- **Activity**
In the listing below, find the line containing "16mm film: POST" and the line containing "Como Combater as Formigas Cortadeiras", then copy exactly everything from the first through the second, except the pictures.

- **Information provided**
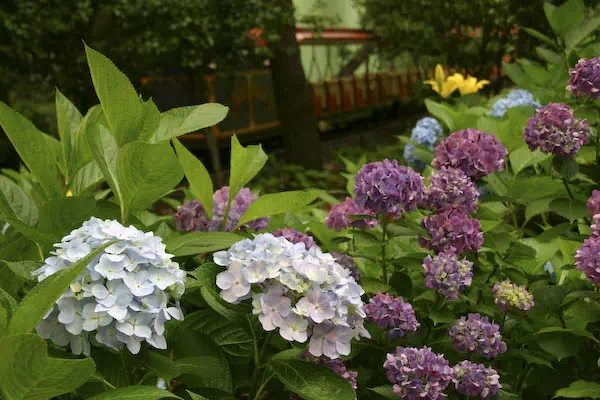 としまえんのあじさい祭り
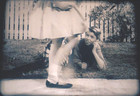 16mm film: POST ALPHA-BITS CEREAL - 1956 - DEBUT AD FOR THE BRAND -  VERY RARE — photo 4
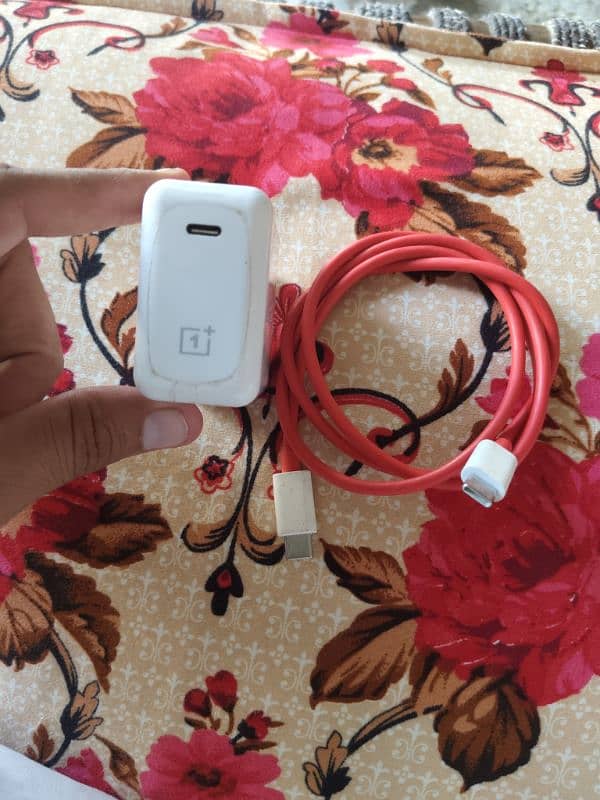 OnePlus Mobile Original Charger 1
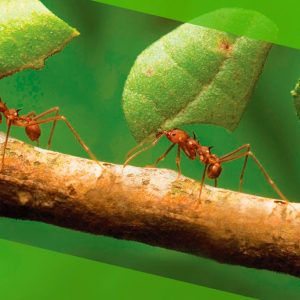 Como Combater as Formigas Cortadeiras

...

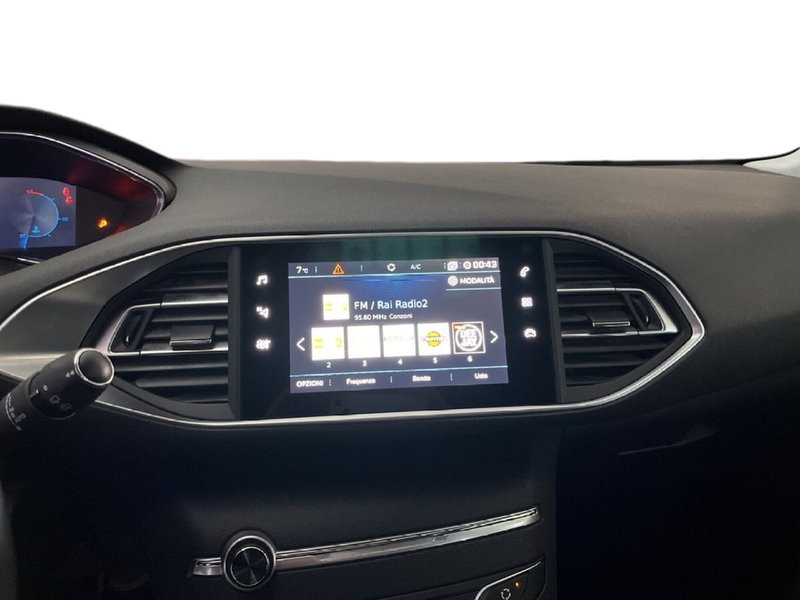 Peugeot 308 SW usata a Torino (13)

---

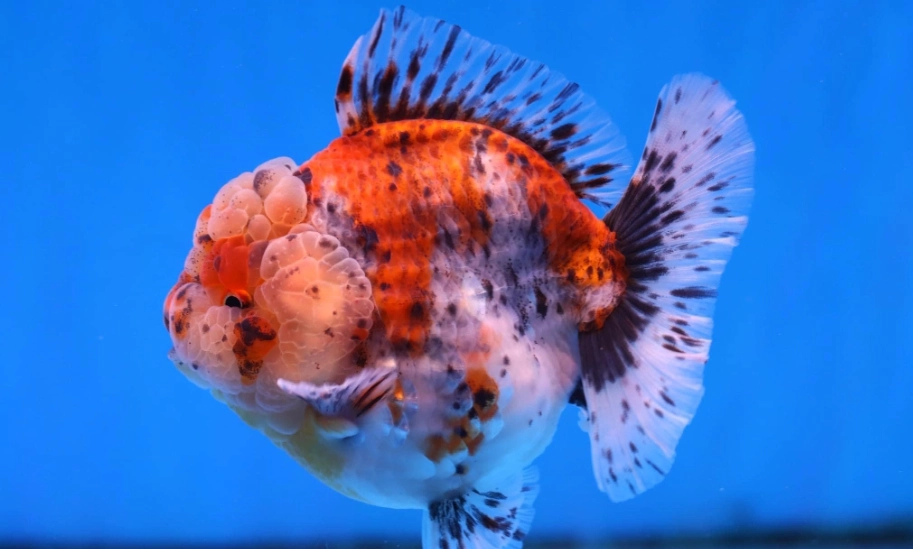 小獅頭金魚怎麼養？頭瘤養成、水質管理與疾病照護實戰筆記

- **Exercise result**
 16mm film: POST ALPHA-BITS CEREAL - 1956 - DEBUT AD FOR THE BRAND -  VERY RARE — photo 4
 OnePlus Mobile Original Charger 1
 Como Combater as Formigas Cortadeiras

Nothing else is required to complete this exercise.